I sondaggi, al momento, danno le due coalizioni appaiate con il campo progressista (con Italia Viva) in leggerissimo vantaggio sul centrodestra (senza il partito di Roberto Vannacci): 45,1% contro il 45. Una prospettiva che renderebbe determinanti le eventuali alleanze con Futuro nazionale e il partito di Carlo Calenda. Basterebbe infatti solo uno zero virgola in più dell’altra coalizione per ottenere il premio “di governabilità” e quindi ribaltando il risultato. La bozza di riforma elettorale assunta come testo base in commissione Affari costituzionali della Camera, infatti, prevede un sistema di stampo proporzionale con un premio di maggioranza pari a 70 seggi per la Camera e 35 per il Senato, attribuito alla lista o alla coalizione che abbia ottenuto almeno il 40% dei voti.
È previsto anche un eventuale turno di ballottaggio se le prime due coalizioni, pur non avendo raggiunto il 40%, raggiungano il 35% dei consensi: con le attuali stime dei partiti però l’opzione non sarebbe necessaria in quanto entrambi gli schieramenti superano abbondantemente la soglia. In questo modo il campo progressista otterrebbe 216 deputati contro i 146 del centrodestra e al Senato i rapporti sarebbero di 107 a 72 (a entrambi i calcoli vanno aggiunti i deputati e senatori eletti nella circoscrizione Estero e quelli di Trentino e Valle d’Aosta). Evidente distorsione del risultato elettorale in nome della governabilità.
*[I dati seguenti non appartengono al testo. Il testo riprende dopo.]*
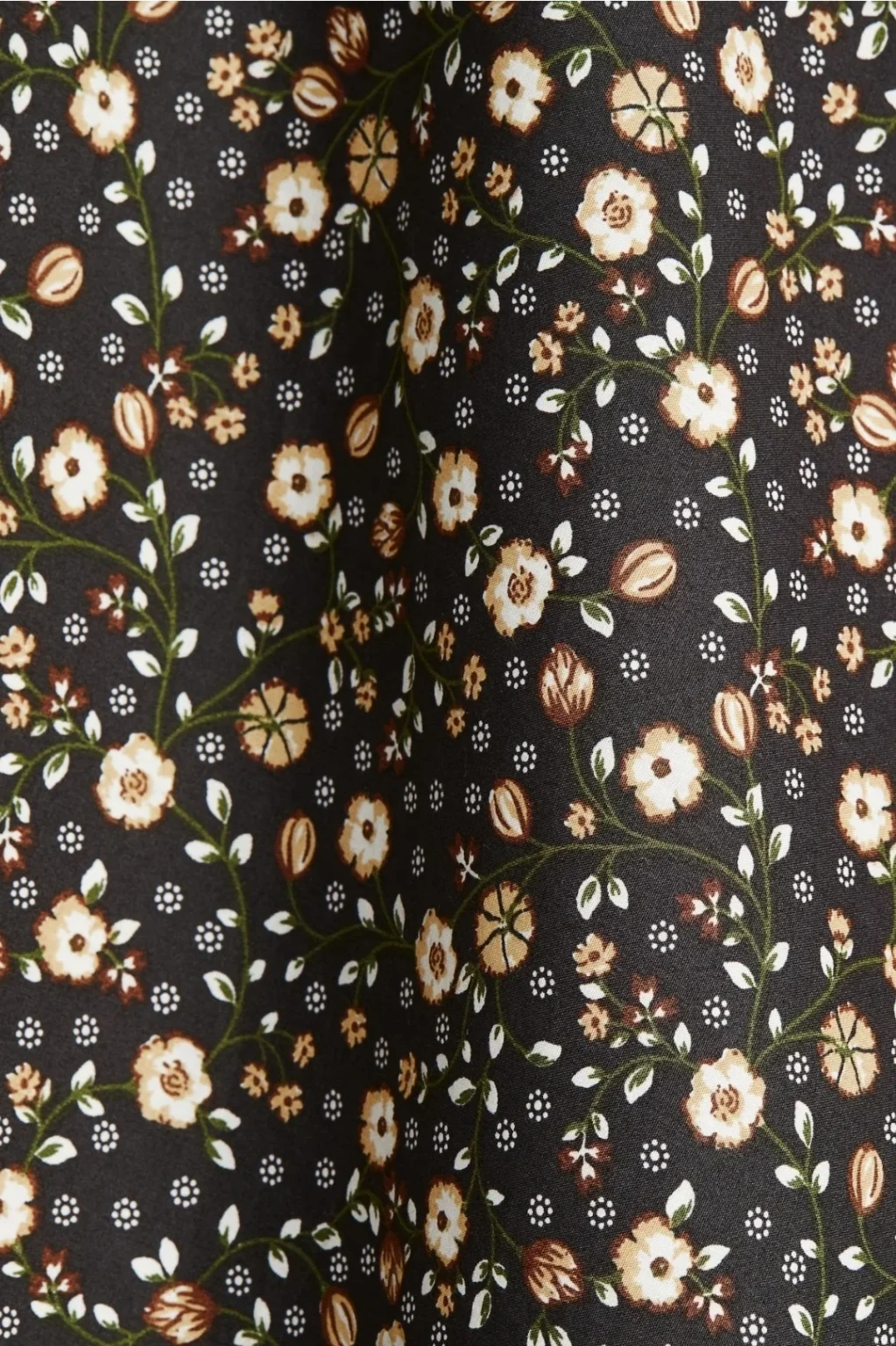 Image for Robe Fleurie H&M Neuve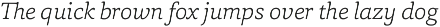Capita preview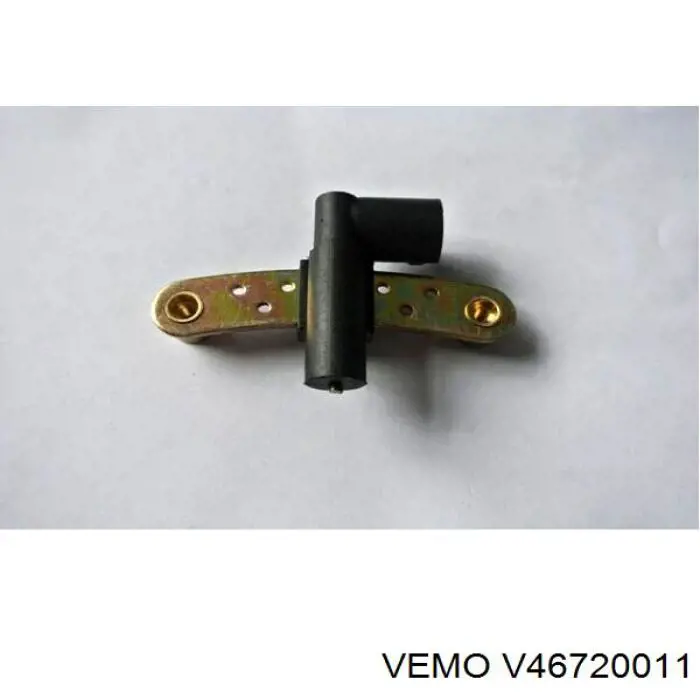 V46720011 Vemo sensor de posição (de revoluções de cambota)
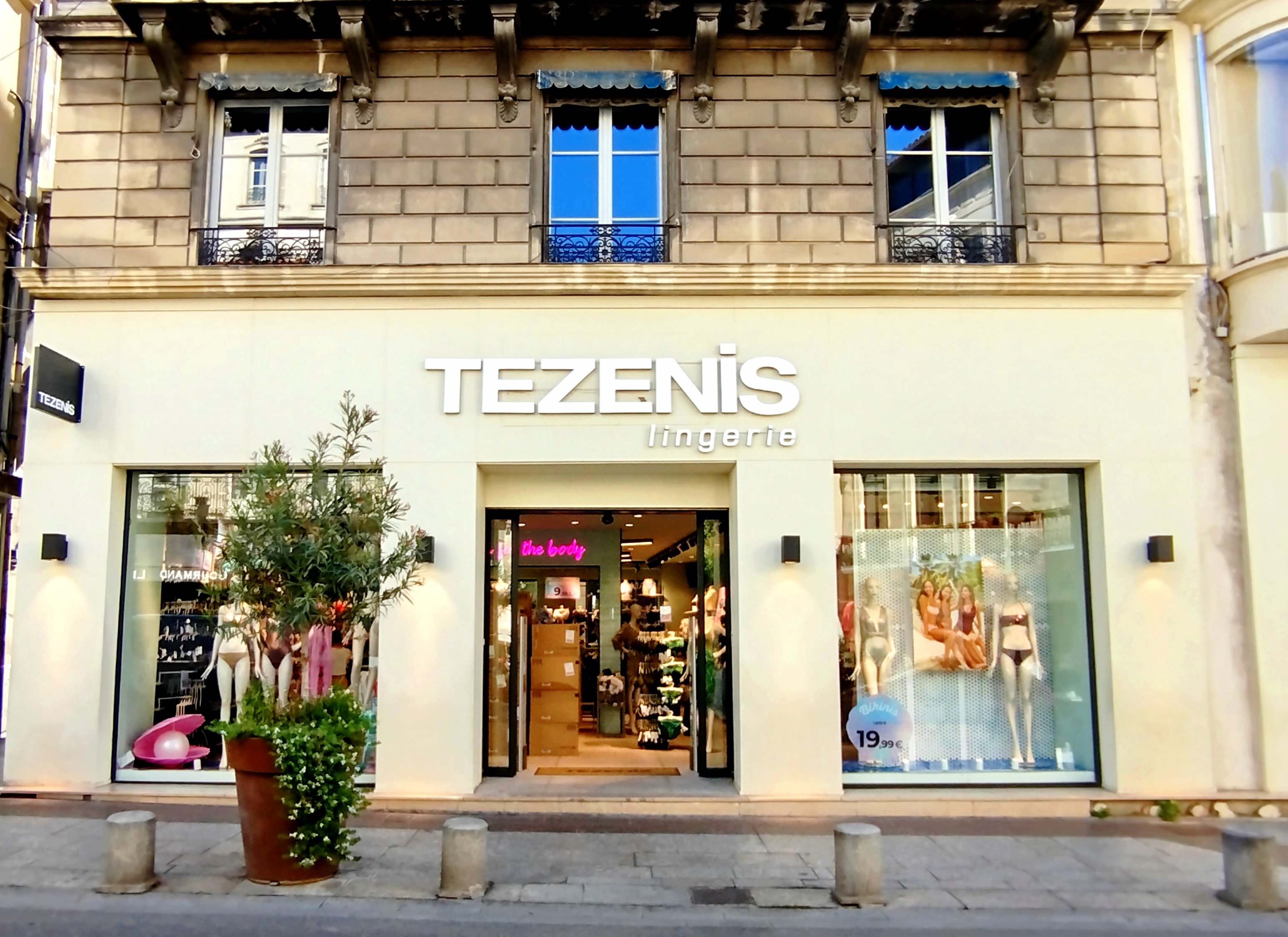 Tezenis AVIGNON RUE DE LA REPUBLIQUE 3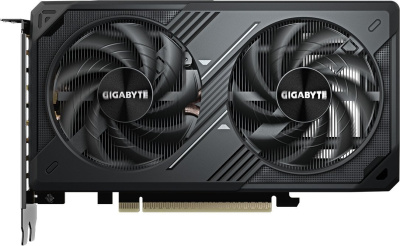 Видеокарта Gigabyte GeForce RTX 5060 Windforce Max OC 8G GV-N5060WF2MAX OC-8GD 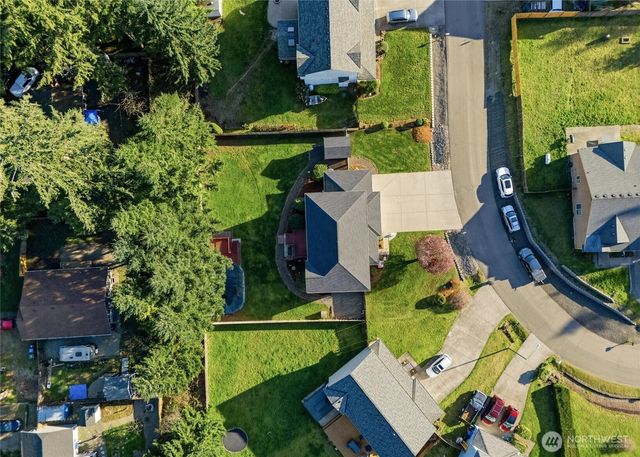 11949 Mayfair Avenue SW, Port Orchard, WA 98367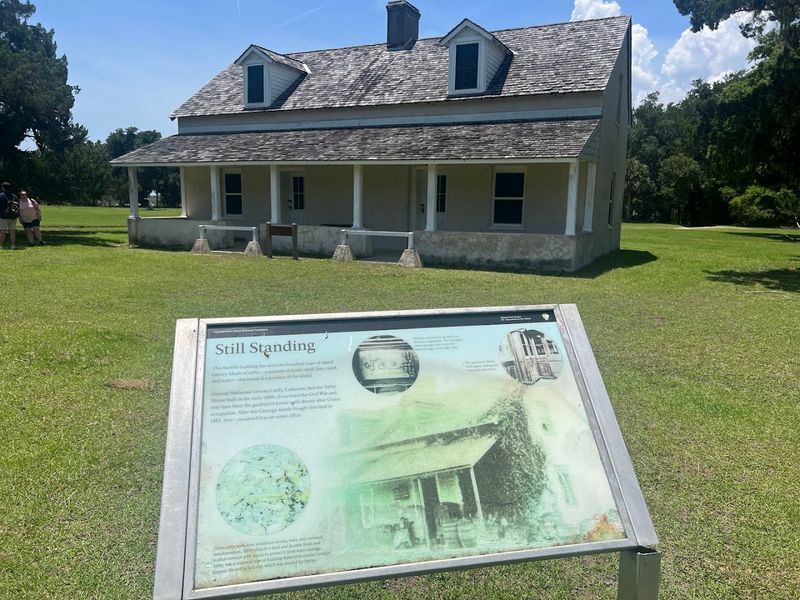 A Different Side Of Island History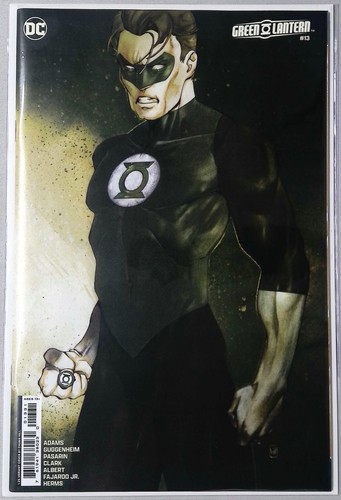 Absolute Power Tie-In books Green Lantern, Green Arrow, Wonder Woman, Superman - Picture 10 of 14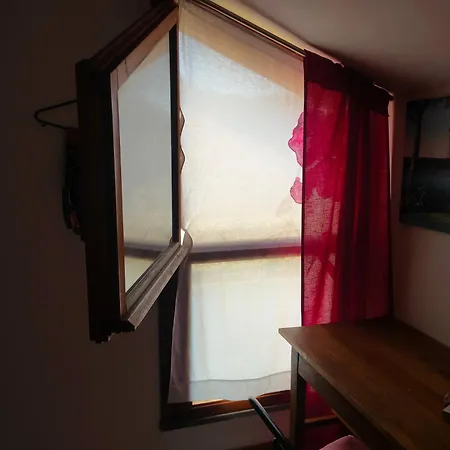 Casa vacanze Arboriamar *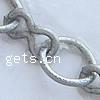 Iron Jewelry Chain  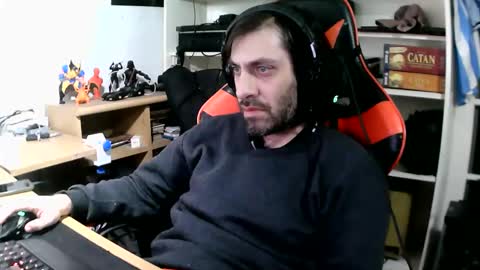 john online show from November 10, 4:06 am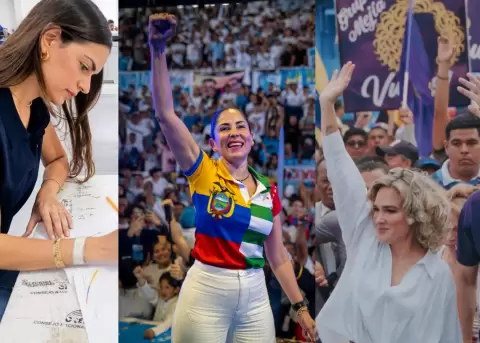 El tablero electoral se reconfigura con candidaturas inesperadas y cambio de partidos de cara a las seccionales.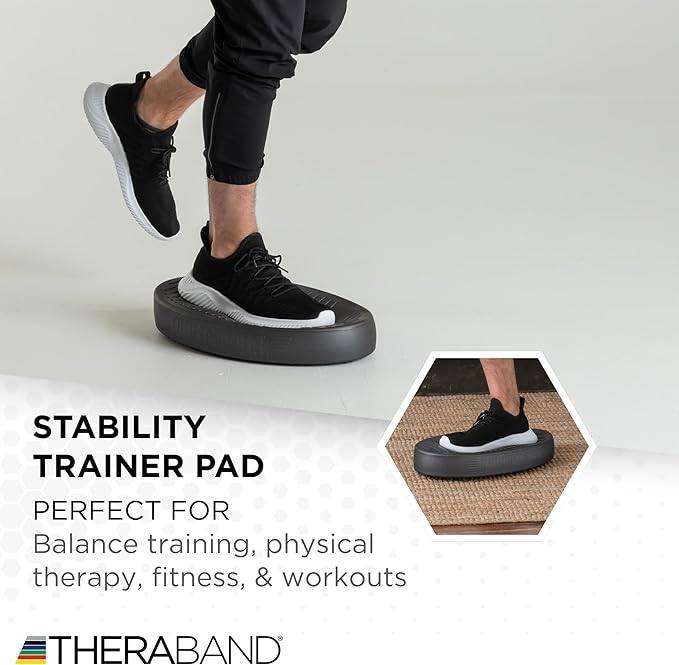 THERABAND Stability Trainer Pad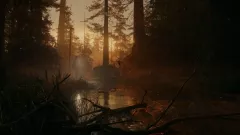 Купить активацию Alan Wake 2 + Deluxe Epic Games на Xbox по выгодной цене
Secondo la simulazione, anche con l’attuale sistema elettorale il campo progressista sarebbe in vantaggio (grazie alle vittorie nei collegi uninominali). Ma con il Rosatellum nessuno otterrebbe la maggioranza assoluta del Parlamento: 200 seggi (su 400) alla Camera e 98 (su 200) al Senato per il campo progressista contro i 179 e i 91 del centrodestra. Anche in questo caso sarebbe necessario, ma dopo il voto, aprire le trattative sulle alleanze per potere governare. L’elettorato italiano, infatti, si presenta oggi spaccato in due.